That may be, but that it be doesn't make it the right direction in which we should allow our society to progress. I'll be damned and dead before I encourage or support moving away from the principle of the Golden Rule. And since this is a thread about moral philosophy, I think that is a relevant to consider for the point of morality is to address and resolve what should be not what is or was.
You are a little confused about the Golden Rule. It has nothing to do with respecting other people's rights to destroy each other.
??? No, I am most definitely not confused about it.
Would you want someone else to destroy you? I am going to assume your answer and everyone else's is "no." Therefore, don't destroy someone other than yourself.
If I am of a mind to destroy someone, I must ask myself, "Would I want them to destroy me?" My answer is "no." Therefore I must refrain from destroying them.
Is it really that difficult to see that the rule applies to every action quite easily? All the reasons why I might initially conceive to destroy another don't matter. What does matter is the act I want to commit, destroying them. All the reasons why my answer is "no" don't matter. What matters is that my answer is "no."

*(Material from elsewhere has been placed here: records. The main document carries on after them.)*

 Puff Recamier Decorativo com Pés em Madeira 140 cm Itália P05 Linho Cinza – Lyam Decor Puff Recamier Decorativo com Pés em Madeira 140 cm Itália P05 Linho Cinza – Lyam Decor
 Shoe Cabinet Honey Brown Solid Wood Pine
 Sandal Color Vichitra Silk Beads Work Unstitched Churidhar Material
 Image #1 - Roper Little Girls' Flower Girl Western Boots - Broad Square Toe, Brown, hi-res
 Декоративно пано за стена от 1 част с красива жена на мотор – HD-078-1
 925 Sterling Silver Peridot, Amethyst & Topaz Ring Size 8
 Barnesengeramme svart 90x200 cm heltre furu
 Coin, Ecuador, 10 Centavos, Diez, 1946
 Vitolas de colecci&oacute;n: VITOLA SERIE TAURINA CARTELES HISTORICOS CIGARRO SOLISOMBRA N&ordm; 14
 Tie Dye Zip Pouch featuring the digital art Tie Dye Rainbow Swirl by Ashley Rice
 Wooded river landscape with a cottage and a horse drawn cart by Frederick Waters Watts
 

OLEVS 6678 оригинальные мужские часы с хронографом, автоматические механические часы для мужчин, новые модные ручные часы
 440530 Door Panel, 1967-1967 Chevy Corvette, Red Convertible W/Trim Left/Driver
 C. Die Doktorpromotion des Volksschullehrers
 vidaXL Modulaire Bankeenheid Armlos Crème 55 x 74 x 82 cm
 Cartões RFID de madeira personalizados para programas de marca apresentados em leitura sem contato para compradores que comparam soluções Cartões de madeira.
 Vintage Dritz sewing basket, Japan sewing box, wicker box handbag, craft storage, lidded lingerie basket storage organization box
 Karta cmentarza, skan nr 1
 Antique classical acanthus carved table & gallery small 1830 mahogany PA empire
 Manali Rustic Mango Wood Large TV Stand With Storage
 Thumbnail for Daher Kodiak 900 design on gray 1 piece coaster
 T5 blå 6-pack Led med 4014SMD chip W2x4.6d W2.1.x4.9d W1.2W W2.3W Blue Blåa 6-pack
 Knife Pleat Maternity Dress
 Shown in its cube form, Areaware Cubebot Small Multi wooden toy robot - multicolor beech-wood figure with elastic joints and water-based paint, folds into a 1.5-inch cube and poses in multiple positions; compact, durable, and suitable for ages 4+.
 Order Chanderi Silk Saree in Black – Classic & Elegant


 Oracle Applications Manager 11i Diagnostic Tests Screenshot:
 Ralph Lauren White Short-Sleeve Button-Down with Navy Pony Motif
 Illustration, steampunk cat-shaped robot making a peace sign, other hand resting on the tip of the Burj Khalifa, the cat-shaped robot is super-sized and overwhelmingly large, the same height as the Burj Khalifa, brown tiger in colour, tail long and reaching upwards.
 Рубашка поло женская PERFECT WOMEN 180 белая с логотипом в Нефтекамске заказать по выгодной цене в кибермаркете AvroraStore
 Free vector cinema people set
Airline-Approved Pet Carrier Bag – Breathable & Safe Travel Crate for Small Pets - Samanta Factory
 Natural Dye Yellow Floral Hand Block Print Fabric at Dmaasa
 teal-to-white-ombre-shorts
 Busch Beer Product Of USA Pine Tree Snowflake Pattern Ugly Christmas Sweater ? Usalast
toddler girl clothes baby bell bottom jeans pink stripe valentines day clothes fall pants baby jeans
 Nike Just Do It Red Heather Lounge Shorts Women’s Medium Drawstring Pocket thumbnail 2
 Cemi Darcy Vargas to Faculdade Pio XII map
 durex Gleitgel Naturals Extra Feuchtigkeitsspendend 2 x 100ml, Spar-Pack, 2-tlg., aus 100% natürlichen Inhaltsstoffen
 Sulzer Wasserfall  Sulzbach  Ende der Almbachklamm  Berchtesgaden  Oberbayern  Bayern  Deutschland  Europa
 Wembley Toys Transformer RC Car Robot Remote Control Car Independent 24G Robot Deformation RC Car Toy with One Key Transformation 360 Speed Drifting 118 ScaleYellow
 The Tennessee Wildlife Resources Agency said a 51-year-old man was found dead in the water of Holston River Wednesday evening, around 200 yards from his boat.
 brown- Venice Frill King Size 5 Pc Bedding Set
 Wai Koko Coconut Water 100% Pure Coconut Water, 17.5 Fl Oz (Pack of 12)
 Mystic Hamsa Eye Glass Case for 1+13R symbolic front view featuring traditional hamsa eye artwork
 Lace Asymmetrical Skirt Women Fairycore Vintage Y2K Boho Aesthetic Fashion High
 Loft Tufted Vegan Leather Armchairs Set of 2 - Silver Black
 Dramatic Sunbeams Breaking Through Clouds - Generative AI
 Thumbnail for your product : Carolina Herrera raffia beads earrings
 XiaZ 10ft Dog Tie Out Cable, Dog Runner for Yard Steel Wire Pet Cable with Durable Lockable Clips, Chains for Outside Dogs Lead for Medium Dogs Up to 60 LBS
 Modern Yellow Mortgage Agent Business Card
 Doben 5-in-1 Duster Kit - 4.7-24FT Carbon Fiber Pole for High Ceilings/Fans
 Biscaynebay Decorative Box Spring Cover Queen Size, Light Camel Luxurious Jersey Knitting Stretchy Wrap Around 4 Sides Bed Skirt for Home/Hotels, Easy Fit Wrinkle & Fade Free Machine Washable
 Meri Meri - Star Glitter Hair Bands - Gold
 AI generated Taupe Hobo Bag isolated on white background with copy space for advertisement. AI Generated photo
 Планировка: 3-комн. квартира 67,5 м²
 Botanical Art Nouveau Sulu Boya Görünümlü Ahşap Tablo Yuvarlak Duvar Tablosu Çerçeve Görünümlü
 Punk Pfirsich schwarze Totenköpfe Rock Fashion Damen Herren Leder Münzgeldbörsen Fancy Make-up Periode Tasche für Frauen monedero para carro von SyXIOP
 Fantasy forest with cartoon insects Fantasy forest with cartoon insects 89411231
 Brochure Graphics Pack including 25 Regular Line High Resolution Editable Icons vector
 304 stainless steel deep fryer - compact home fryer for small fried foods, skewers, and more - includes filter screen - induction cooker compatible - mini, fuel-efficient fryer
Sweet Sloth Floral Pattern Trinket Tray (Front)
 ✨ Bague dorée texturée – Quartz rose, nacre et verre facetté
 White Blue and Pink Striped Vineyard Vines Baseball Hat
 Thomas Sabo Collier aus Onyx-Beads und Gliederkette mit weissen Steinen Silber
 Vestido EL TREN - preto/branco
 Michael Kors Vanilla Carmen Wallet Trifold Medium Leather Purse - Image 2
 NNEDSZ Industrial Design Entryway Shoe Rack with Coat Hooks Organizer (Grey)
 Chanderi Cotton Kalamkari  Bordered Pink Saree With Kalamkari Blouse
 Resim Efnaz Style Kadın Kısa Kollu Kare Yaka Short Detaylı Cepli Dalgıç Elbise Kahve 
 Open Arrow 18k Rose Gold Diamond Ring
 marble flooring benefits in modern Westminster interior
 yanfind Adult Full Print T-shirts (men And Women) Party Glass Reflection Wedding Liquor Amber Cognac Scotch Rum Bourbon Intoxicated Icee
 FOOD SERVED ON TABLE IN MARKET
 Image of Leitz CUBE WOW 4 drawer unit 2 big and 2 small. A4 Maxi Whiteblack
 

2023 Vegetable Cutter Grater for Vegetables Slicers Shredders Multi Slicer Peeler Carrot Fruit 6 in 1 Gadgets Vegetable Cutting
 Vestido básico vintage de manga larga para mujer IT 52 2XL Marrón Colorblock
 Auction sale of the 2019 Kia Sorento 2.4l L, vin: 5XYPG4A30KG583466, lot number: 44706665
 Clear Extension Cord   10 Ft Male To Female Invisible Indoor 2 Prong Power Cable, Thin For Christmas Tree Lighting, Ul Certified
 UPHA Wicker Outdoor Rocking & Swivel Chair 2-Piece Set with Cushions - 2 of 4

Why is it really just that simple? Because all those reasons -- the reasons why I want to destroy another and reasons why I don't want to be destroyed by another -- can change, but the act itself, every act in fact, once performed cannot be unperformed. One may be able to make restitution for having performed it, but act, once done, is done; it is at that instant a fact of history. When someone figures out how to reverse the flow of time itself I will almost surely have to reconsider the value of the Golden Rule. For now, however, nobody has accomplished that.